Problem to solve: Copy every line of the data exactly, keeping out any picture.

Supplied material:
===

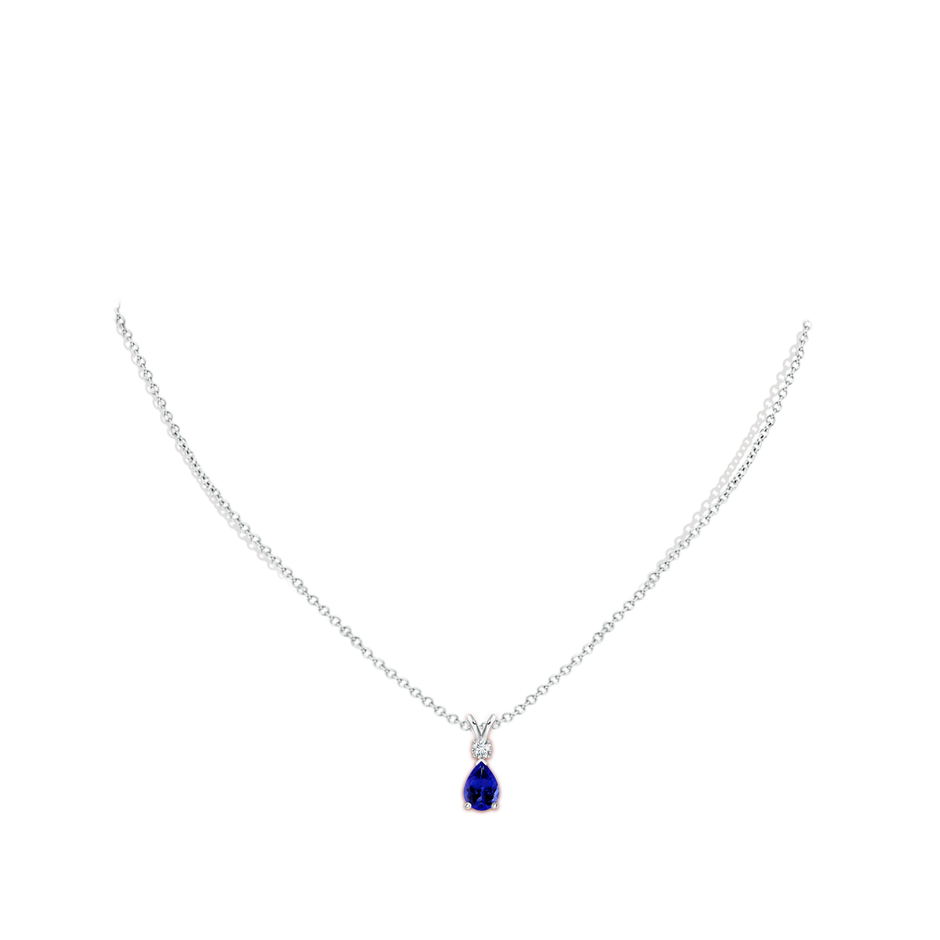 7x5mm AAAA Tanzanite Teardrop Pendant with Diamond in White Gold body-neck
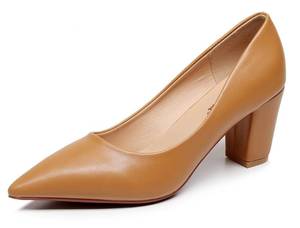 lot 22057 image: VenusCelia Womens Lewin Pump Chunky Heel Shoe ( 41,,Tan PU) - Retail $40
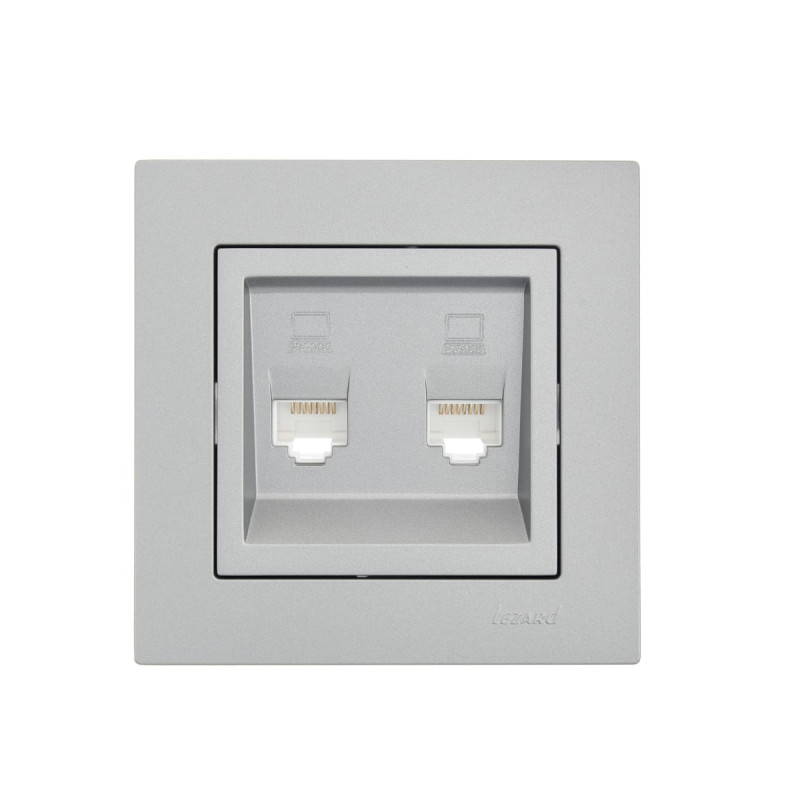 Розетка комп'ютерна подвійна LEZARD Vesna сіра 742-3588-141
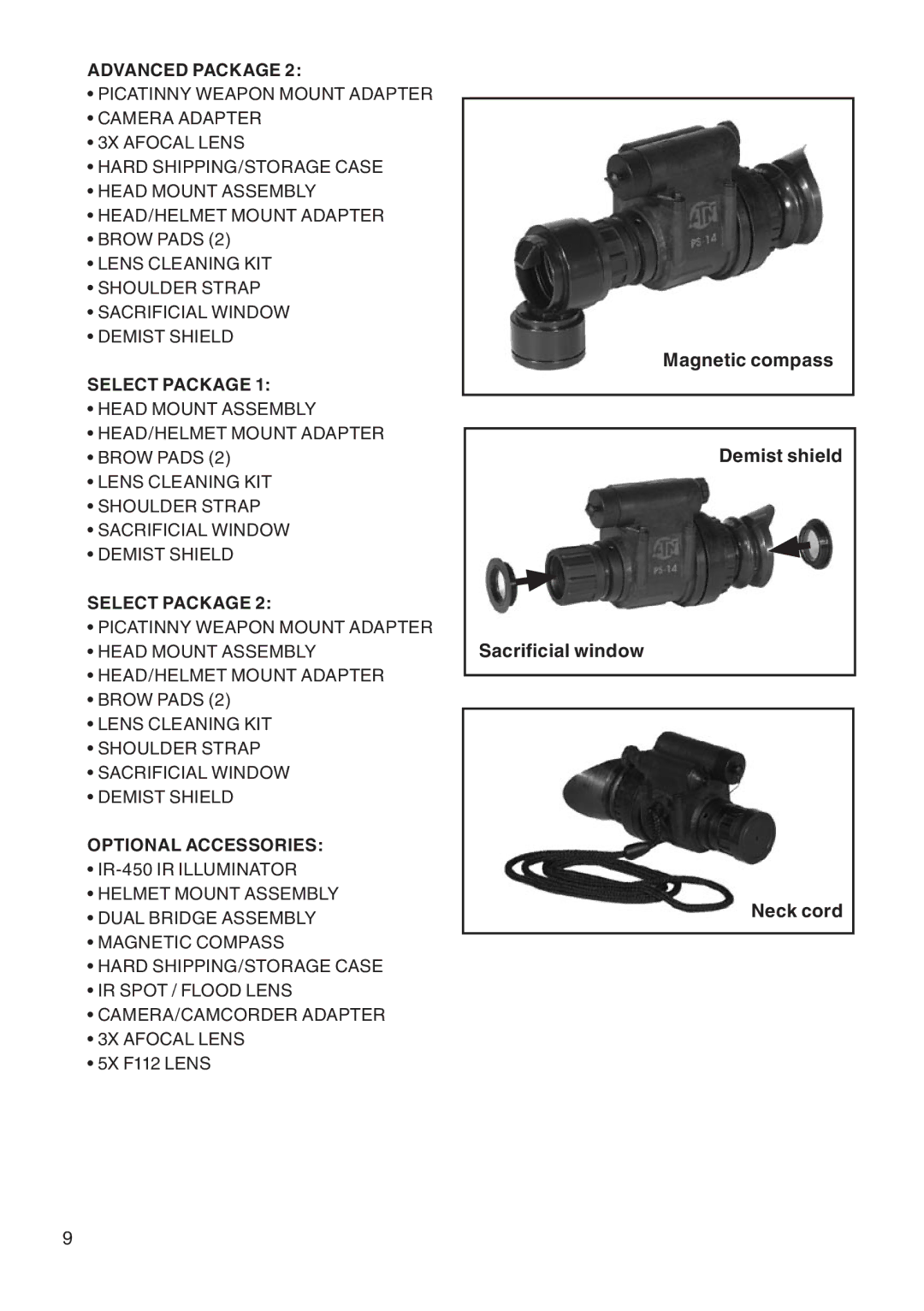 ATN ATN PS14 manual Select Package, Optional Accessories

===

Answer to this exercise:
 7x5mm AAAA Tanzanite Teardrop Pendant with Diamond in White Gold body-neck
 lot 22057 image: VenusCelia Womens Lewin Pump Chunky Heel Shoe ( 41,,Tan PU) - Retail $40
 Розетка комп'ютерна подвійна LEZARD Vesna сіра 742-3588-141
 ATN ATN PS14 manual Select Package, Optional Accessories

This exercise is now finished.